Montes and Kale are among about 45 recruits bringing fresh blood, diversity and a set of new technical skills that are needed to regulate the nation's 1,129 thrifts, with $817 billion in assets. Though the savings and loan industry has been shrinking since the S&L crisis and bailout in the 1980s, the rate of demise has slowed and banks still in the industry are more complex.
For example, there now are institutions that are part of huge, diversified financial companies. Some are Internet banks.
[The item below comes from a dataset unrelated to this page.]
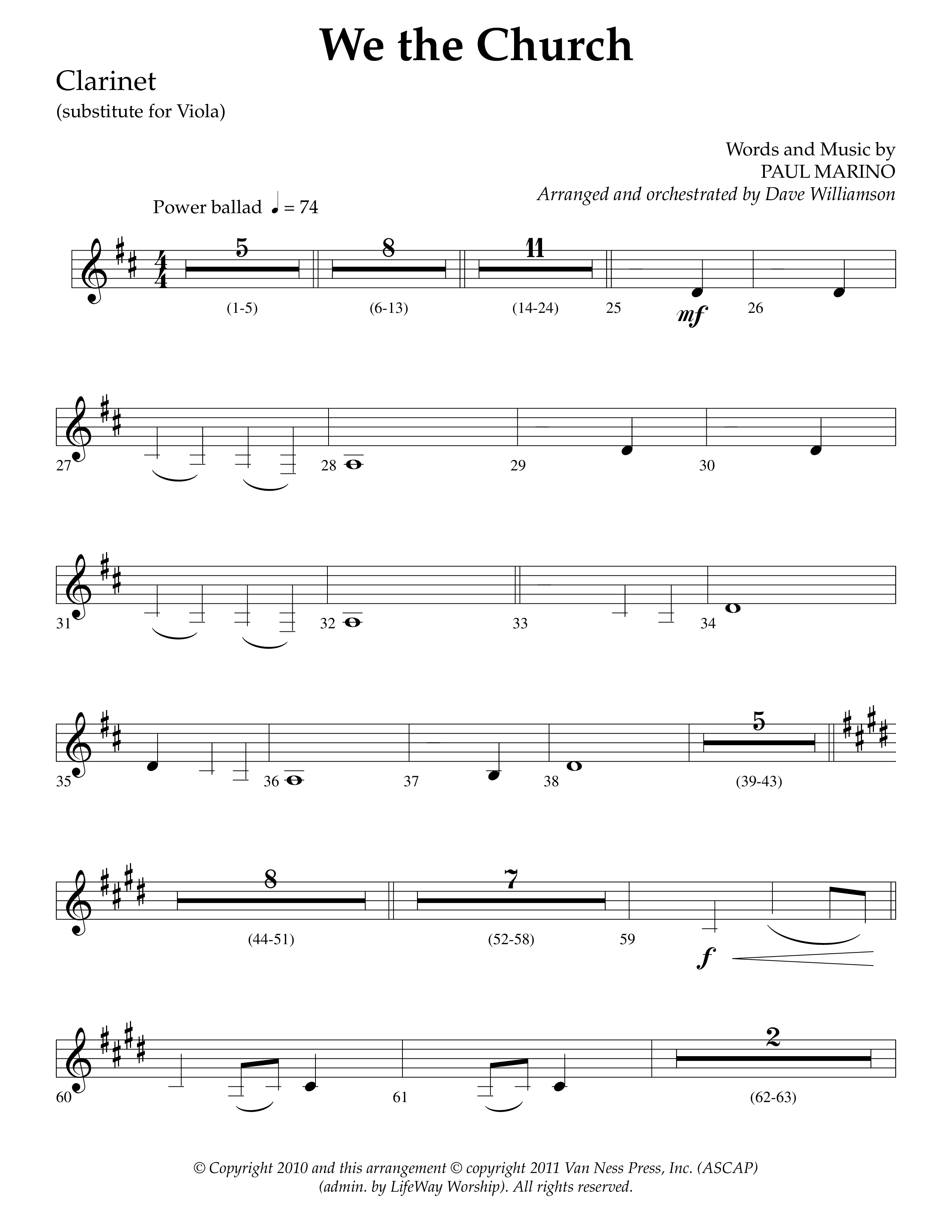 We The Church (Choral Anthem SATB) Clarinet (Lifeway Choral / Arr. Dave Williamson)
Others have plunged into lending that is far riskier than writing home mortgage loans.
"A work force gets really stale if there's no new blood, and that's extremely dangerous in a dynamic industry," said Ellen Seidman, director of the OTS. Among the new examiners, 36 percent are minorities and 29 percent are women.
The OTS, which was established in 1989 as a result of a reorganization of the thrift regulatory structure, had a pretty typical examiner work force until this round of hiring. Many of the examiners who were associated with the old Federal Home Loan Bank System came from the military or had worked at banks before becoming regulators.
Many of the examiners now being hired by the OTS are at the beginning of second careers, though they may have experience in auditing or accounting. There are grandmothers among them, a substitute teacher, a paralegal, an Internal Revenue Service officer, a branch manager for a car-rental company and lawyers.
And there is Kale.
At 43, with three children, she comes to the job equipped to handle people.
Before she earned her college degree summa cum laude from Kent State University in 1997, she managed a truck-freight terminal and worked in trucking for 18 years.
She hired and fired mechanics, dispatched trucks, kept irate shippers at bay, and had a map in her head for instant recall of where every trucker on the road might be.
She now is about to finish one part of her training and begin work as an assistant examiner in Detroit. Does the prospect of telling the board of directors of a thrift their books don't square seem intimidating?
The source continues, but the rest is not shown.